> _Task details_: The answer is to be the lines below that lie between the line holding "Opel Astra 1.6 16V Dream - 4" and the line holding "Irish novelist, historian", inclusive, transcribed exactly and free of pictures.

BEGIN Source data

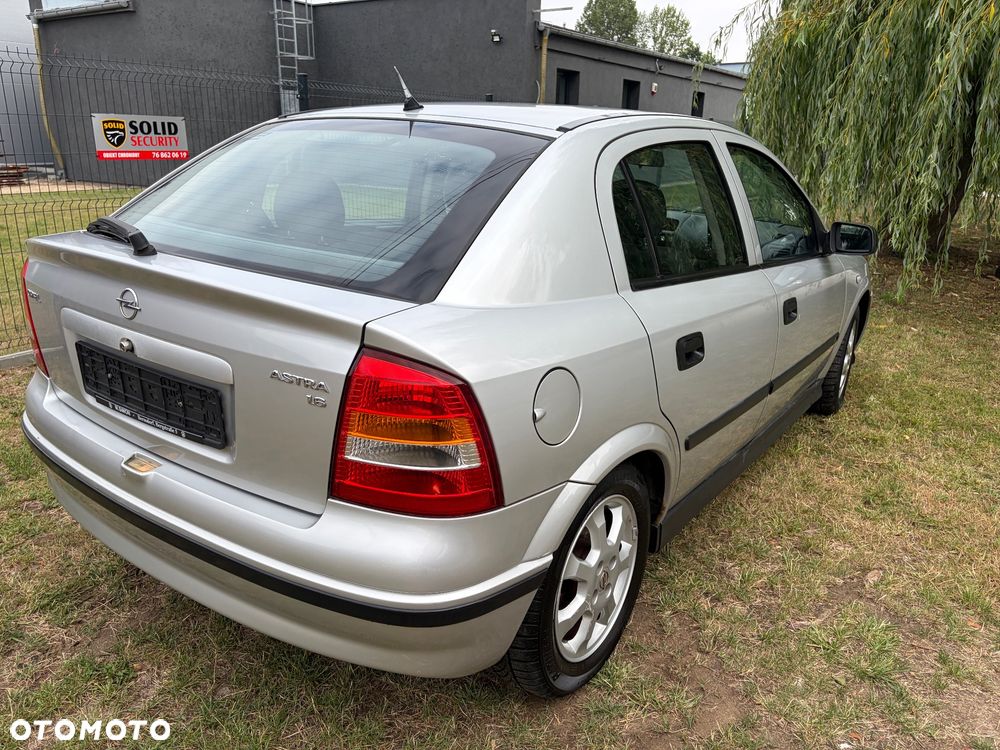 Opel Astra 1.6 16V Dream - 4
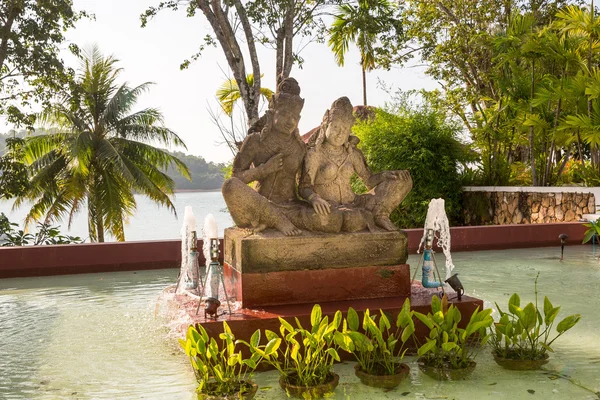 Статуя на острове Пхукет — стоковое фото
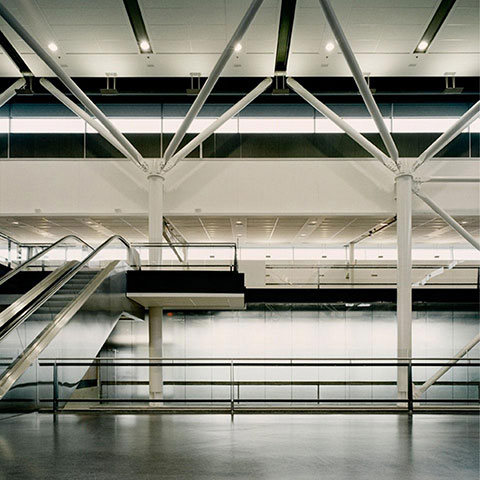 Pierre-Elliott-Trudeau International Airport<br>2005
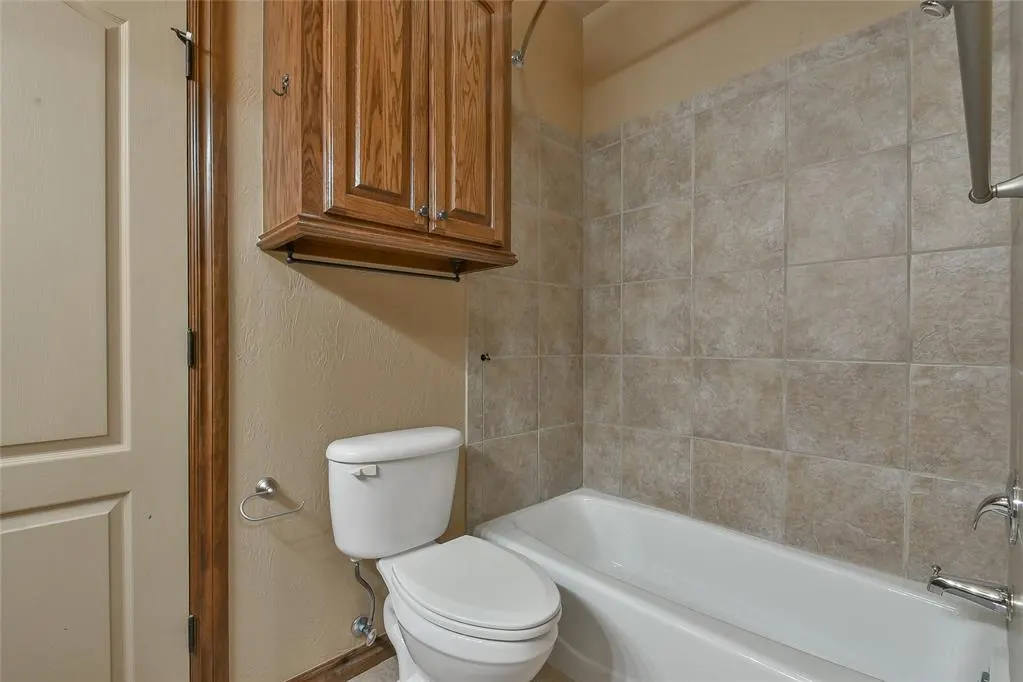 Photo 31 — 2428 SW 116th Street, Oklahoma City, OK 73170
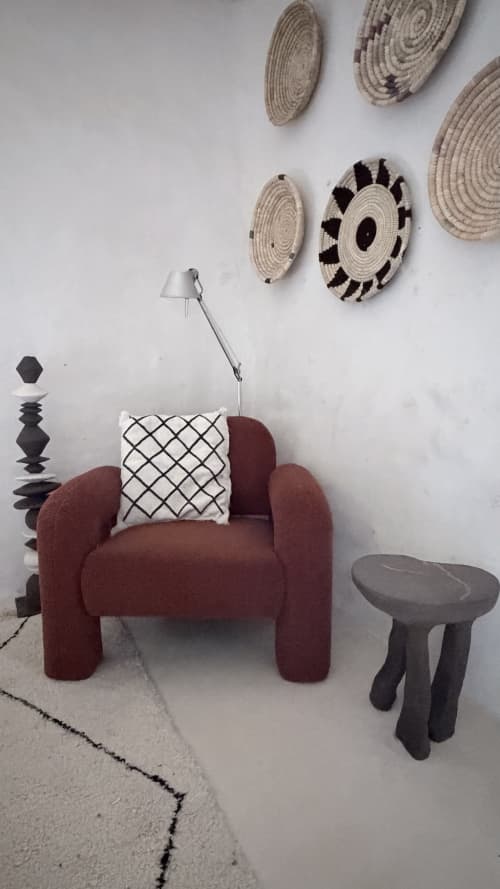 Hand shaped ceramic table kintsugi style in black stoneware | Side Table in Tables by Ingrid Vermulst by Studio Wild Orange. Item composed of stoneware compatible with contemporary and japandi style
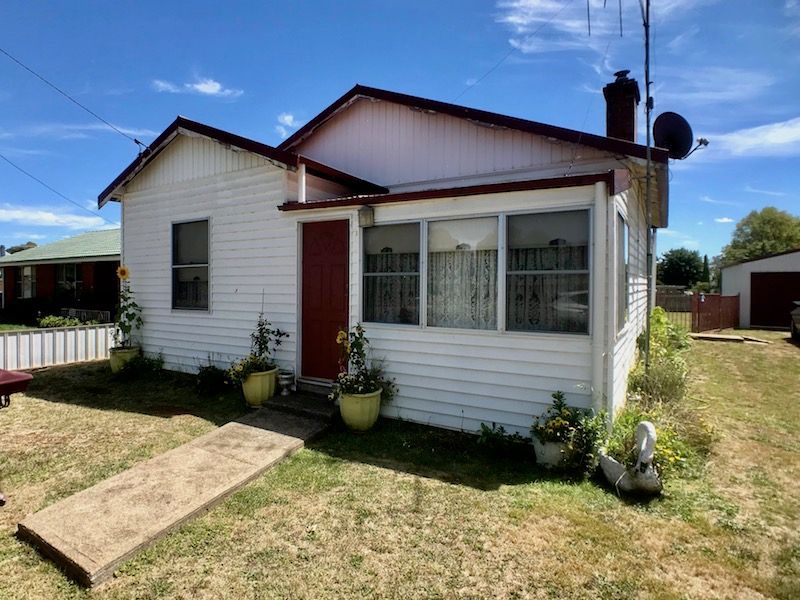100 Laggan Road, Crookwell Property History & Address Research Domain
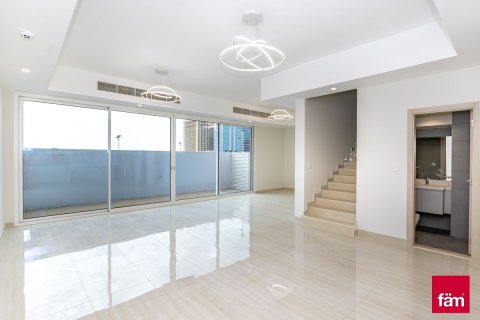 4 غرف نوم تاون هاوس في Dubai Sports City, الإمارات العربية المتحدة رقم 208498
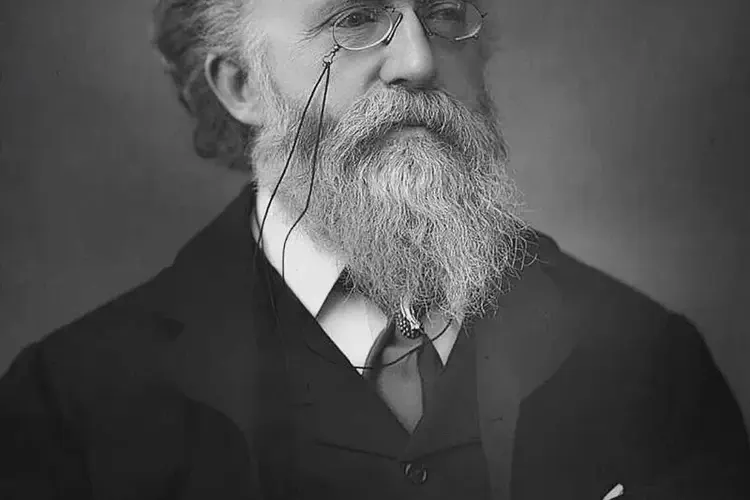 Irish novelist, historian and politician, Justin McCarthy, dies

END Source data
BEGIN Source data

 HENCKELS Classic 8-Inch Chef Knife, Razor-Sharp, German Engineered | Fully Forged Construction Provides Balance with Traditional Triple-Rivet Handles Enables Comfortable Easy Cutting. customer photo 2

END Source data

> _Solution_:
 Opel Astra 1.6 16V Dream - 4
 Статуя на острове Пхукет — стоковое фото
 Pierre-Elliott-Trudeau International Airport<br>2005
 Photo 31 — 2428 SW 116th Street, Oklahoma City, OK 73170
 Hand shaped ceramic table kintsugi style in black stoneware | Side Table in Tables by Ingrid Vermulst by Studio Wild Orange. Item composed of stoneware compatible with contemporary and japandi style
100 Laggan Road, Crookwell Property History & Address Research Domain
 4 غرف نوم تاون هاوس في Dubai Sports City, الإمارات العربية المتحدة رقم 208498
 Irish novelist, historian and politician, Justin McCarthy, dies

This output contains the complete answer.